Crazy connection failure problem

I've seen this problem on two different links now, at different times.

ePMP1000 5.8, 2.3.4 firmware, WPA2, used as a PtP link, absolutely clear channel. (noise floor is -100dB +-50MHz from center)

Reboot or make radio changes to master end. Radio link occasionally fails to restore. Watching it, I see it try to reconnect every 90 seconds or so, each time telling me it fails due to 'invalid security key'. (which was not changed, and is not changed from then until the link finally DOES come back up)

Watching the monitor->wireless page I see it start to associate, and the stats show it at a -62dB (estimated) downlink RSSI, and -94dB to -97dB uplink, then drops the link.

Further radio changes or reboots usually restore normal behavior, but it usually takes 10 minutes or more, multiple reboots (both ends) etc.

My best guess based on what I'm seeing is that the transmit power on the slave/SM end is NOT sufficient at first for it to successfully register.
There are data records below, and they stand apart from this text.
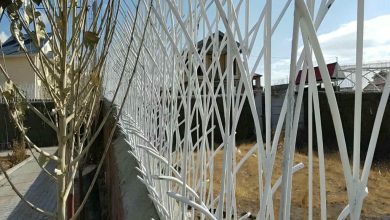 حفاظ شاخ گوزنی در مهرشهر کرج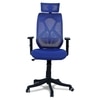 Zeeazyana High Back Ergonomic Chair in Blue Colour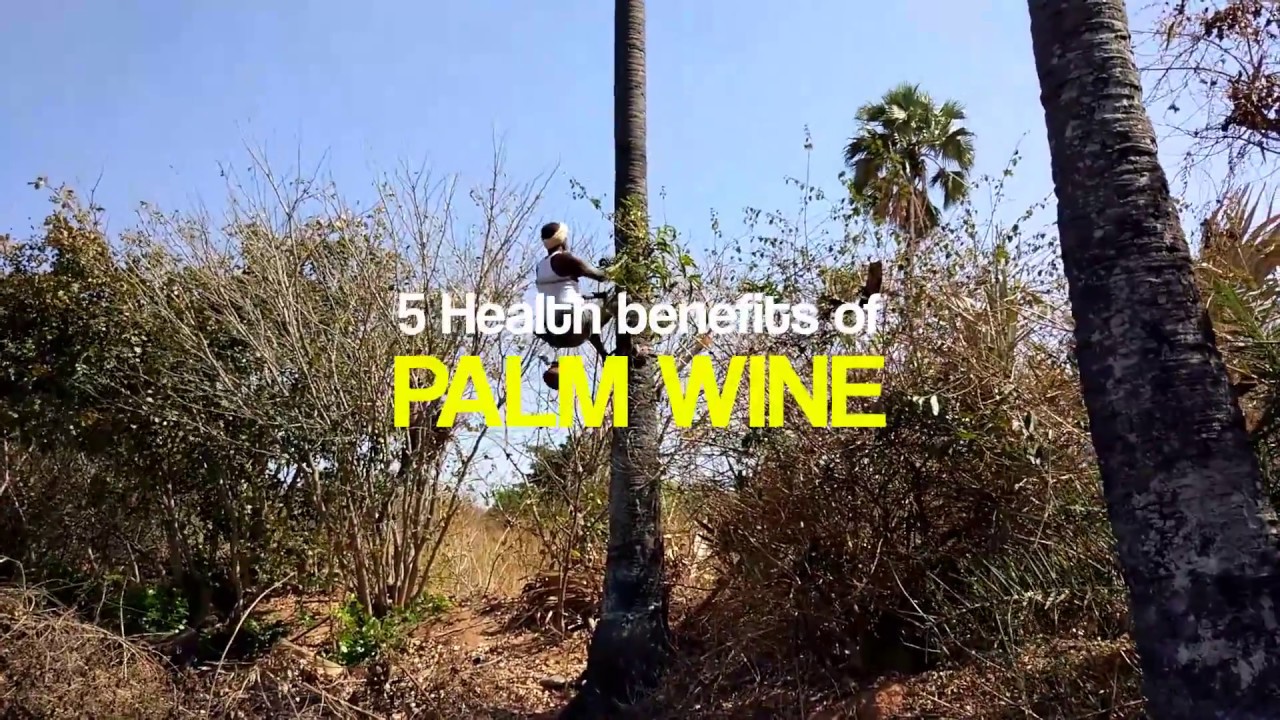 View Palm Tree Juice Benefits PNG
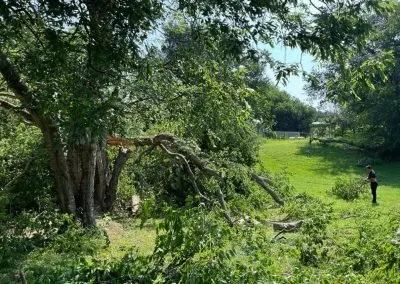 Expert yard cleanup service near you across Fort Worth, TX - Bastidas Landscaping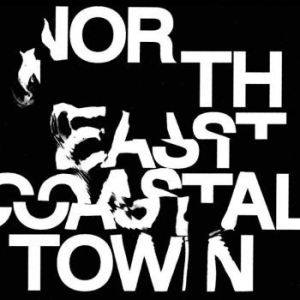 Life - North East Coastal Town (Green) i gruppen VINYL / Rock hos Bengans Skivbutik AB (4143926)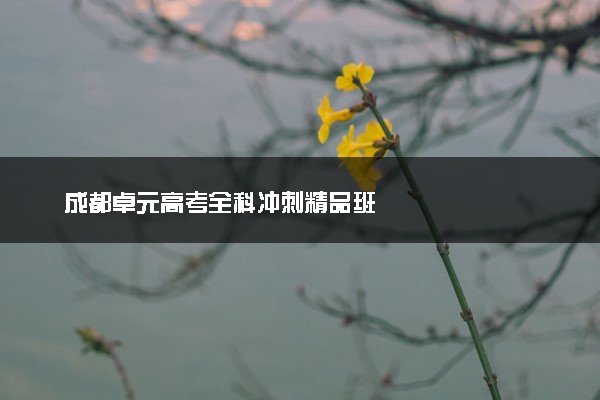 成都卓元高考全科冲刺精品班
I don't know what changes it (or restores it) and I don't know why it shows up as an authentication error in the log. (well, the last I guess is because the authentication key gets garbled travelling over a too-weak uplink)
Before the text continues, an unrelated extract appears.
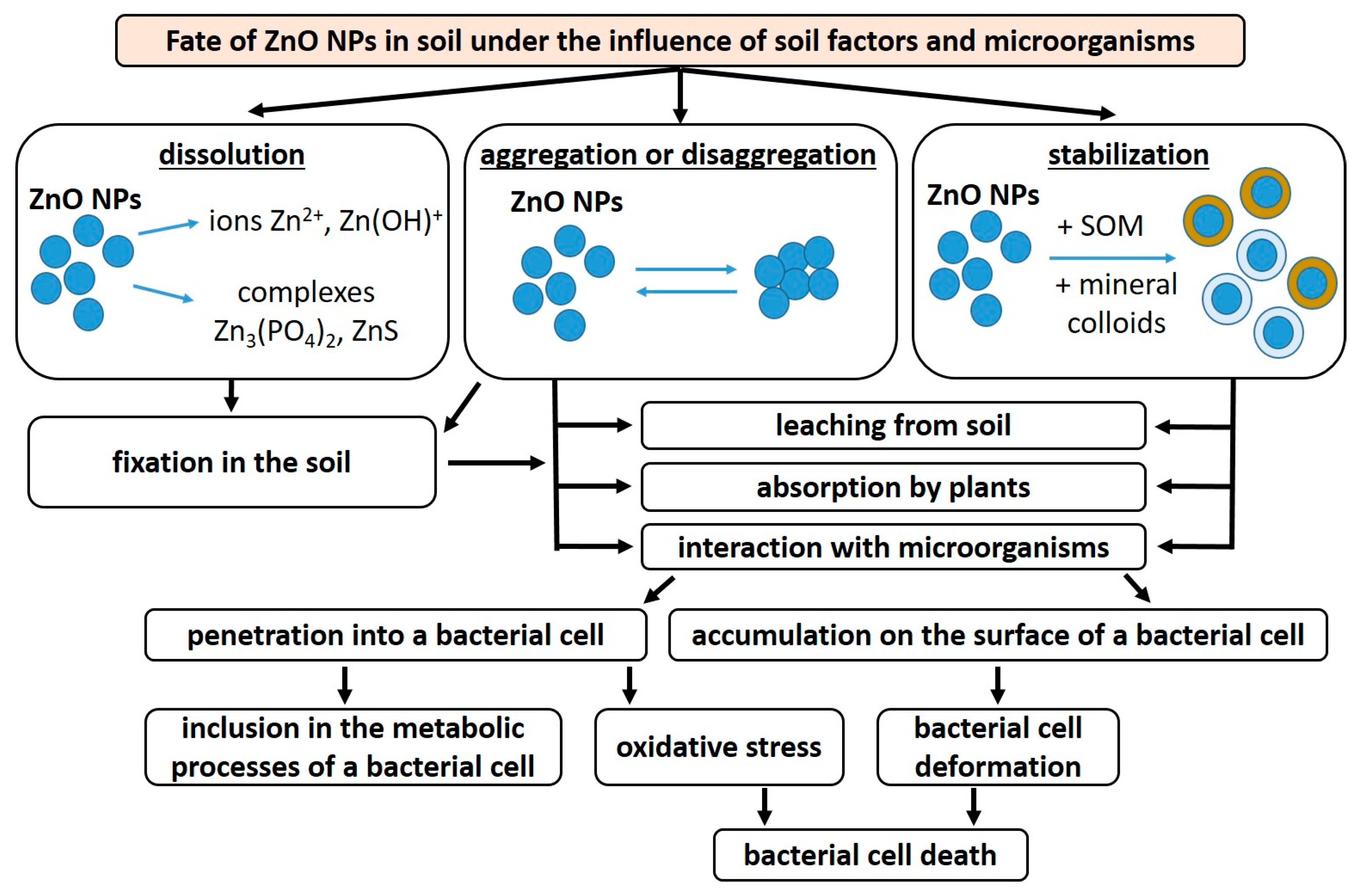 Agronomy 14 01588 g002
Both links where I've seen this happening are on DFS channels.

j


log snip from AP/BHM end - rebooted and failed link three times:

Dec 31 19:00:19 JSG2LVF kernel: VAP device ath0 created Feb 4 14:51:44 JSG2LVF crond[1449]: time disparity of 23717991 minutes detected Feb 4 14:54:20 JSG2LVF hostapd: ath0: STA 00:04:56:c9:a6:87 IEEE 802.11: associated Feb 4 14:54:28 JSG2LVF kernel: STA[00:04:56:c9:a6:87] aid=1 disassociated. Reason: INVALID SECURITY KEY Feb 4 14:54:28 JSG2LVF hostapd: ath0: STA 00:04:56:c9:a6:87 IEEE 802.11: deauthenticated due to local deauth request Feb 4 14:54:28 JSG2LVF hostapd: ath0: STA 00:04:56:c9:a6:87 IEEE 802.11: disassociated Feb 4 14:56:05 JSG2LVF hostapd: ath0: STA 00:04:56:c9:a6:87 IEEE 802.11: associated Feb 4 14:56:05 JSG2LVF kernel: tdd_ratectrl_stat_add: suspicious ARQ statistic, ARQ fn = 48604, RA last FN = 0 Feb 4 14:56:13 JSG2LVF kernel: STA[00:04:56:c9:a6:87] aid=1 disassociated. Reason: INVALID SECURITY KEY Feb 4 14:56:13 JSG2LVF hostapd: ath0: STA 00:04:56:c9:a6:87 IEEE 802.11: deauthenticated due to local deauth request Feb 4 14:56:13 JSG2LVF hostapd: ath0: STA 00:04:56:c9:a6:87 IEEE 802.11: disassociated Feb 4 14:57:50 JSG2LVF hostapd: ath0: STA 00:04:56:c9:a6:87 IEEE 802.11: associated Feb 4 14:57:58 JSG2LVF kernel: STA[00:04:56:c9:a6:87] aid=1 disassociated. Reason: INVALID SECURITY KEY Feb 4 14:57:58 JSG2LVF hostapd: ath0: STA 00:04:56:c9:a6:87 IEEE 802.11: deauthenticated due to local deauth request Feb 4 14:57:58 JSG2LVF hostapd: ath0: STA 00:04:56:c9:a6:87 IEEE 802.11: disassociated

This may seem like an odd question, but do you have layer-2 redundancy in the network and are you using STP?  I've seen a similar behavior and have traced it to a specific senario where there is a redundant path and the root bridge is upsream from the AP.

No and no.

j

Update - I switched one of the links to 5210 MHz and still have this problem.  The dowstream end of that link experienced a brownout 45 minutes ago, as of right now we've still not gotten the link back up.  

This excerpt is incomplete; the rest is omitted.